The vogue of Socinian views, which for a time affected men like Falkland and Chillingworth, led to the abortive fourth canon
of 1640 against Socinian books. The ordinance of 1648 made denial of the Trinity a capital offence, but it remained a dead
letter, Cromwell intervening in the cases of Paul Best (1590-1657)
and John Biddle (1616-1662).
In 1650 John Knowles was an Arian lay preacher at Chester. In 1652-1654 and 1658-1662 Biddlle held a Socinian conventicle in
London; in addition to his own writings he reprinted (1651) and translated (1652) the Racovian Catechism, and the Life of
Socinus (1653). His disciple Thomas Firmin (1632-1697), mercer and philanthropist, and friend of Tillotson, was weaned to
Sabellian views by Stephen Nye (1648-1719), a clergyman. Firmin promoted a remarkable series of controversial tracts
(1690-1699).
The term "Unitarian" first emerges in 1682, and appears in the title of the Brief History (1687). It was construed in
a broad sense to cover all who, with whatever differences, held to the unipersonality of the Divine Being. Firmin had later a
project of Unitarian societies "within the Church". The first preacher to describe himself as Unitarian was Thomas Emlyn
(1663-1741) who gathered a London congregation in 1705. This was contrary to the Toleration Act of 1689, which
excluded all who should preach or write against the Trinity. It is noteworthy that in England the Socinian controversy, initiated
by Biddle, preceded the Arian controversy initiated by Samuel Clarke's Scripture Doctrine of the Trinity (1712).

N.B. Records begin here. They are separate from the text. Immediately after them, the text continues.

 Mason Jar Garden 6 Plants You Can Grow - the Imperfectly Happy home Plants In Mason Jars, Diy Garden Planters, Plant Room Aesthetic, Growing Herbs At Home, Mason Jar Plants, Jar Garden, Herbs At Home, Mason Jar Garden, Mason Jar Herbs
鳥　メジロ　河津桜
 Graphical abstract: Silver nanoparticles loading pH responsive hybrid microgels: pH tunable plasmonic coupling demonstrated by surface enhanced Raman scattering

Arian or semi-Arian views had much vogue during the 18th century, both in the Church and in dissent. The free atmosphere of
dissenting academies (colleges) favoured new ideas. The effect of the Salters' Hall conference (1719), called for by the alleged
heresy of James Peirce (1673-1726) of Exeter, was to leave dissenting congregations to
determine their own orthodoxy; the General Baptists had already (1700) condoned defections from the common doctrine.

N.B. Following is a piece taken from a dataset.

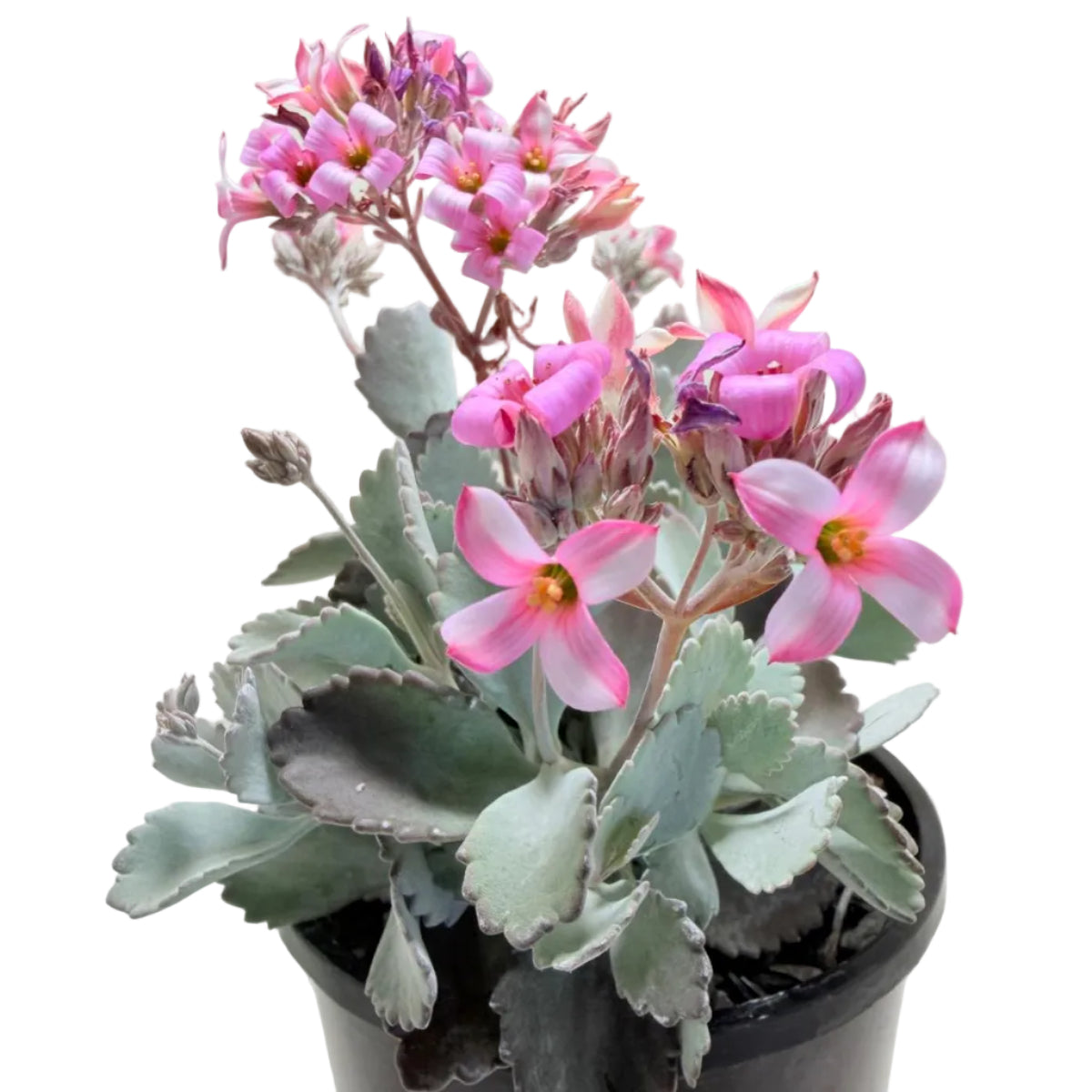 Kalanchoe Pumila Quick Silver – Silver Foliage Succulent | Cascading Garden Plant Succulents World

In 1689 Presbyterians and Independents had coalesced, agreeing to drop
both names and to support a common fund. The union in the London fund was ruptured in 1693; in course of time differences in the
administration of the two funds led to the attaching of the Presbyterian name to theological liberals, though many of the older
Unitarian chapels were Independent foundations, and at least half of the Presbyterian chapels (of 1690-1710) came into the hands
of Congregationalists.
Leaders in the advocacy of a purely humanitarian christology came largely from the Independents, such as Nathaniel Lardner
(1684-1768), Caleb Fleming (1698-1779), Joseph Priestley (1733-1804) and Thomas Bebham (1750-1829).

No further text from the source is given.